The final game, at the Wanderers, starts on Wednesday.
De Villiers has admitted to being in the best form of his life. He has scored two fifties and has only failed to reach three figures because his aggression has seen him get himself out. Kohli’s 153 on a difficult pitch at SuperSport Park was a punchy retort to the idea that Indian batsmen suffer a collective meltdown the moment there’s a bit of bounce in the wicket.
The result is that both sets of bowlers have spent a significant part of the series scratching their heads about how to dismiss De Villiers and Kohli.
Donald – who took 330 wickets for the Proteas and now earns a living as a bowling coach with Kent – has nothing but sympathy for them.
“I have a standing joke that if you’re sitting in a team meeting planning to get guys like that out, good luck to you.
“They’re obviously freakish players and the only other player I can remember who’s similar is Ricky Ponting, although he didn’t have De Villiers’ flair.
“The problem with them is they’re technically very organised and hit good balls for four. They always look to attack and transfer pressure back onto the bowlers and make it difficult for them to hit their lines and lengths. These are the two best batsmen in the world at the moment".
Get on top of bowlers
While he’s an equal admirer of both, Donald has something approaching a favourite in his countryman, but it’s a decision made less from parochialism than it is from enjoying his particular brand of artistry with the bat.
“I had the pleasure of watching both make hundreds in the IPL (Indian Premier League) – I’d never seen hitting like that. But with AB, whatever you plan technically in a team meeting goes out the window. He’s a player you can’t plan for because he has so many options.
“He’s an unbelievable 360 degrees player in all formats of the game. Virat himself has said he absolutely adores watching AB bat in one-day cricket.
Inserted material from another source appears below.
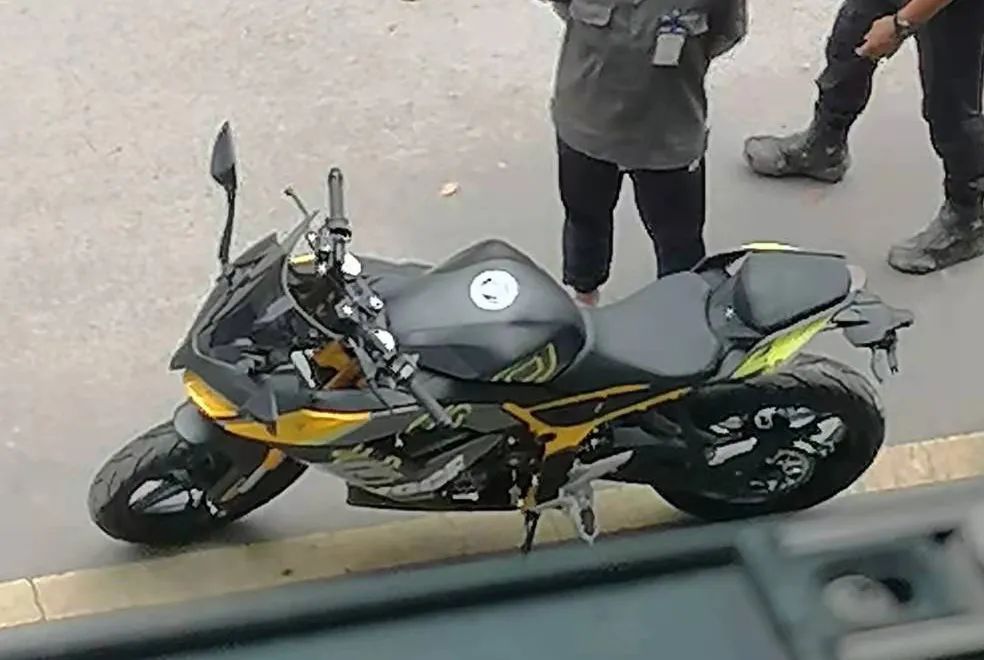 无极250rr动力测评,无极250rr竞技版续航油耗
Once one of the players asked him how he did it and he said his way was to get on top of the bowlers very quickly, basically to get them to change their lengths".
Donald’s case in point is how De Villiers put India’s Bhuvneshwar Kumar off after the swing bowler got off to a flyer in the first Test in Cape Town: “One minute he had three wickets for nothing and suddenly he was 3/40 after a big over by AB".
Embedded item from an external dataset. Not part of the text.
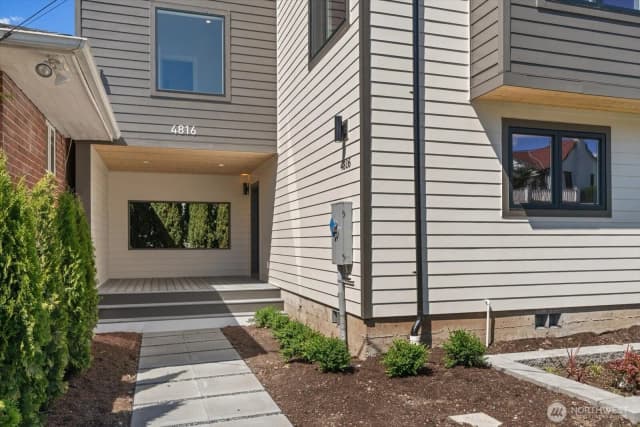 Property photo for 4816 Sw Findlay Street, Seattle photo 5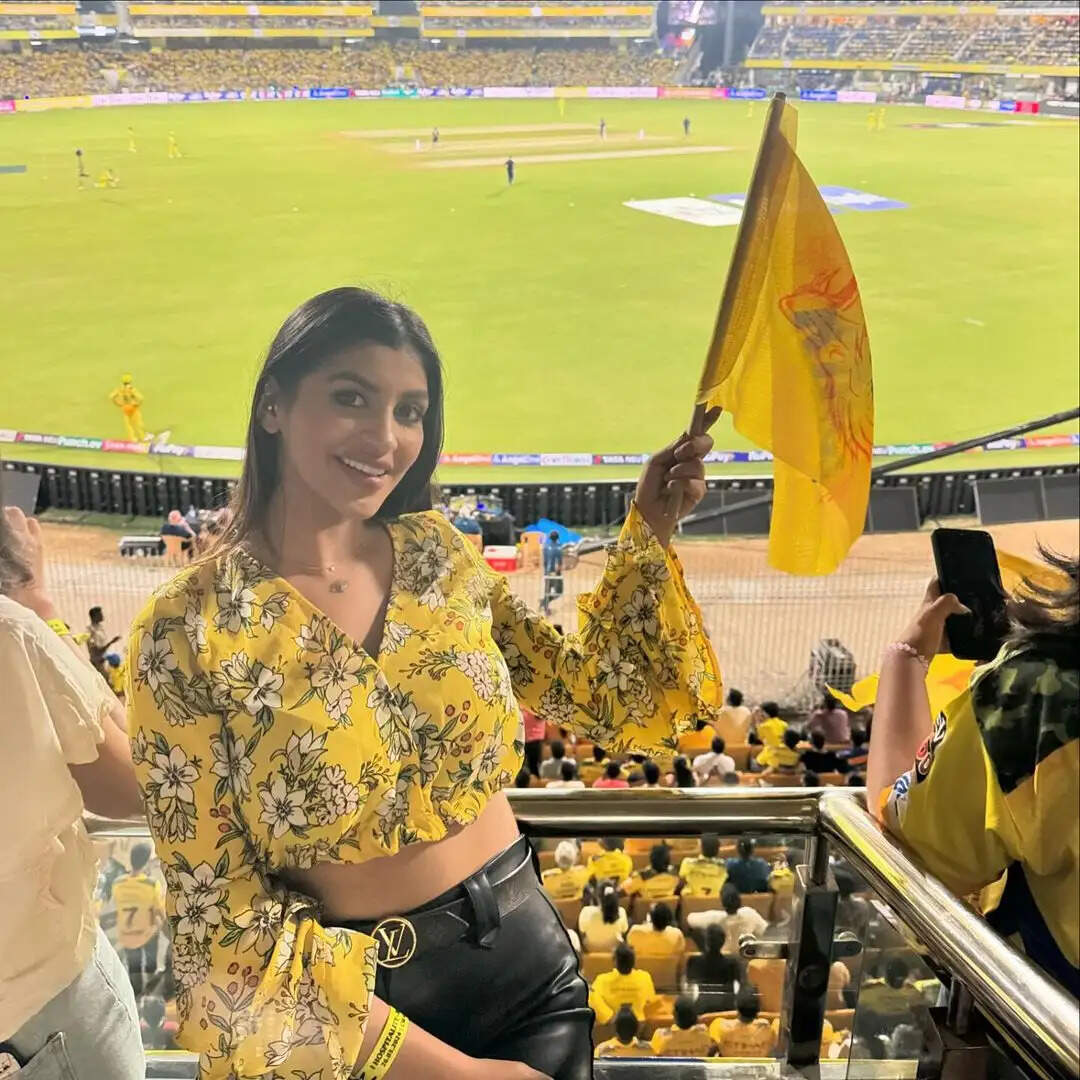 ஸ்டேஜ்ல இருக்க மொத்த கண்ணும் உன்மேலத்தான் செல்லம்!.. சேப்பாக்கத்தை கவர்ச்சி மைதமானா மாத்திட்டாரே!..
That said, Donald says it is a close-run thing as to who is the better batsman. His feeling is that De Villiers is the better limited-overs player and Kohli an archetypal Test player.
“In Test match cricket, Virat is technically well organised, has a good temperament and a good flow about him. He can also guts it out, which we saw with the 100 he scored at Centurion. AB can be very attacking and just wants to put pressure on the bowlers all the time".
Ball with name on it
Funnily enough, the best way to combat the batsmen’s aggression, says Donald, is to fight fire with fire.
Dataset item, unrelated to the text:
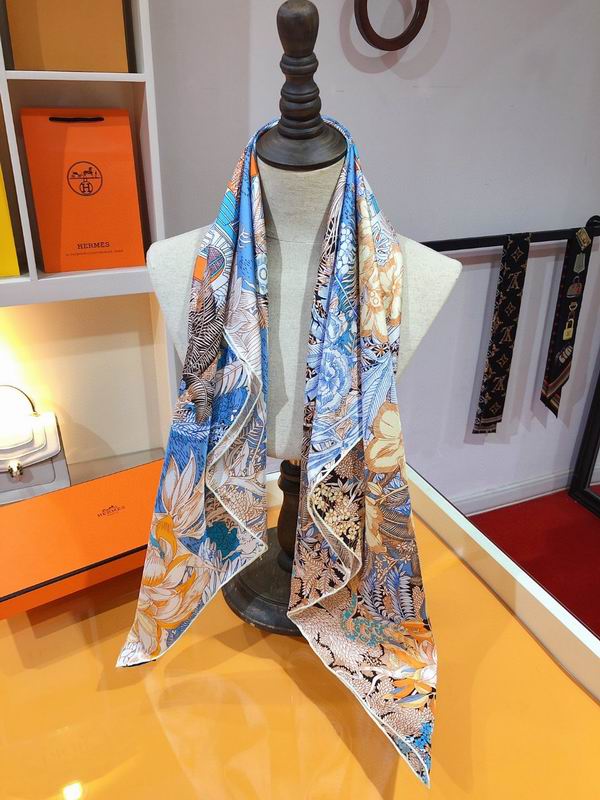 Hermes silk scarf 90X90cm E23 (13)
“AB wants to dominate every ball, which makes you doubt your lengths as a bowler. We were talking about it in the IPL and (Australia’s) Mitchell Starc said the one thing you can’t afford to do is back off with your own aggression. If you keep coming and backing your instincts, you’ll have a bit of success.
“It’s a bit like when I was bowling to Lara. He had that genius and was relentless at putting you away. He had all the shots, quick hands and quick feet – but you always felt he had a ball with his name on it".
Asked who he’d have preferred to bowl to in his “White Lightning” heydays, Donald’s choice is almost predictable: “I’d say Kohli because I feel from a red ball perspective if you bowl fuller and get tight on that fourth stump outside off stump, you can get him out.
“You can get more dots than you would with AB, which can frustrate him. He’s been caught behind before on that kind of ball and if his first 20 balls are there, he tends to find it hard to leave".